É fácil reconhecer um filme do diretor David Fincher. Cenas rápidas, estilizadas, muita pós-produção, histórias extraordinárias, pessoas incomuns... De aliens, deslocados e serial killers, só este último sobrevive em Zodíaco, e sem tanto do virtuosismo dos primeiros filmes.

Isso absolutamente não desmerece o thriller, que, se não pode (e nem deve) ser comparado com Seven, se emparelha com grandes filmes investigativos como Todos os homens do presidente (1976 - Alan Pakula) e O informante (1999 - Michael Mann), onde o que importa é o ritmo lento e constante da trama. Mais ainda, o filme se apóia na frustração de um caso até hoje não solucionado, o do serial killer auto intitulado Zodiac, que fez vítimas na região de San Francisco a partir de 1968.

Ainda assim, a tecnologia e o cuidado com os detalhes permanecem.
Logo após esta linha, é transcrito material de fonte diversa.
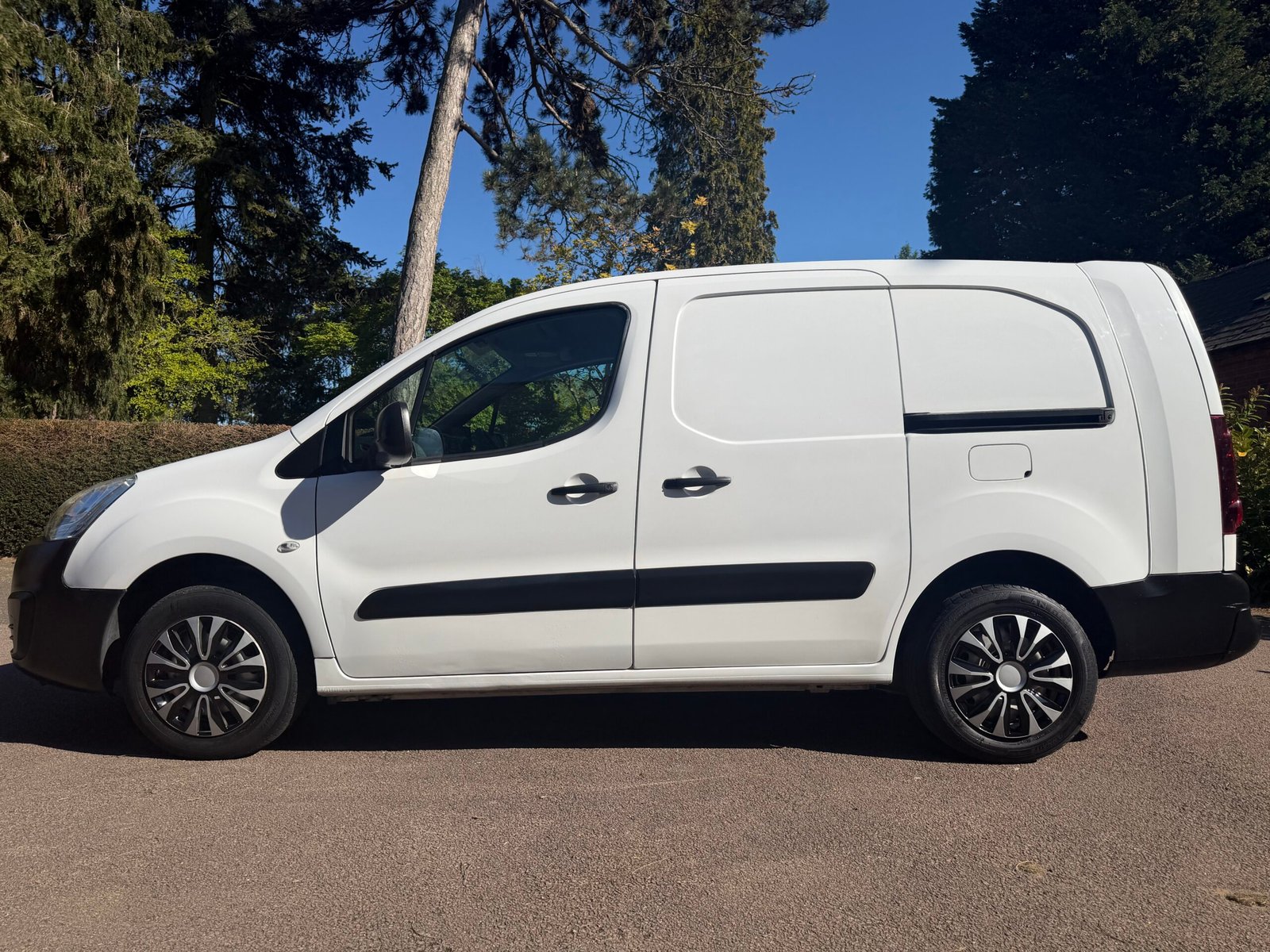 
								2017 Citroen Berlingo 1.6BlueHDi LX LWB L2 full									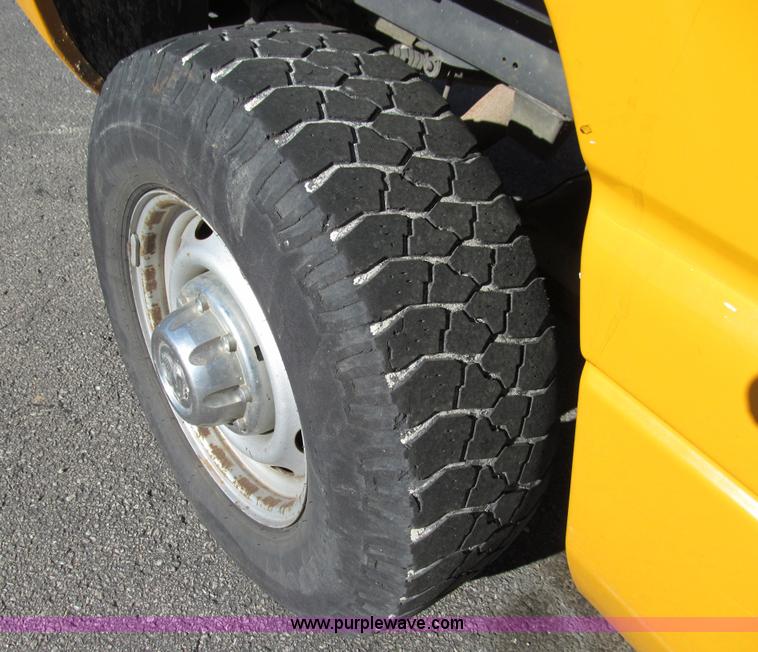 image for item E3624 2002 Dodge Ram 2500 pickup truck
O filme foi rodado inteiro em digital, e, embora não seja pioneiro nisso, conseguiu um resultado mais do que satisfatório, mesmo nas cenas mais difíceis, com muita ou pouca luz.

Uma direção de arte primorosa replicou com perfeição as três décadas por onde o filme transita. Os planos que focalizam apenas objetos, como canecas e lápis numa mesa, por exemplo, verdadeira obssessão de Fincher, estão todos lá, mas desta vez são obscurecidos pela história real de um assassino inteligente (mas não insuportavelmente culto como um Hanniball Lecter).

O grande mérito do filme é criar um suspense sólido e envolvente sem cair na armadilha de tentar solucionar o caso (embora se incline para um suspeito em especial. Culpa do escritor do best-seller que baseou o filme, Robert Graysmith, interpretado no filme por Jake Gyllenhaal).

A construção da investigação desde os primeiros crimes, a burocracia da polícia e, principalmente, o sentimento de impotência de seres humanos comuns como o cartunista Graysmith e o detetive David Toschi (numa interpretação excepcional de Mark Ruffalo) vendo pista após pista dando em nada carregam o espectador durante as mais de duas horas e meia de projeção.

Isso não significa que o filme não tenha momentos tensos, muito pelo contrário. A exemplo do encontro com o informante Garganta Profunda no filme de 76, há cenas arrepiantes simplesmente porque não se sabe o que vai acontecer. Além disso, algumas cenas de assassinatos são fortes o suficiente para fazer a alegria de quem se lembra dos filmes de maníaco dos anos 80.

O medo da sociedade, o papel da mídia e o culto às celebridades são temas relevantes que o filme aborda, mesmo que não diretamente.

No estilo "Jack, o estripador", o assassino mandava cartas criptografadas aos jornais da cidade e dava pistas sobre seus crimes. Curioso notar a mobilização imediata da mídia em publicar as cartas e "alertar" a população, num ato heróico de utilidade pública. Atendem prontamente todas as exigências do assassino, até mesmo colocando-o ao vivo num programa de TV matinal, mesmo que isso não fosse uma condição para parar de matar.

Ele quis ser uma celebridade, e foi exatamente isso que ele se tornou. Até hoje, há um verdadeiro culto ao seu redor. Filmes, documentários, livros e centenas de sites onde detetives amadores se prestam a solucionar o caso. De certo ponto de vista, o assassino venceu, a sociedade perdeu e ainda ajudou o criminoso em todos os seus propósitos. Nada traz maior impotência.

Que o assunto fosse tratado com seriedade era a preocupação de muitos quando o nome do diretor foi associado ao projeto. As expectativas foram superadas com uma direção bastante consciente e com uma preocupação com o realismo maior do que com a simples verossimilhança. E é exatamente isso que o filme entrega.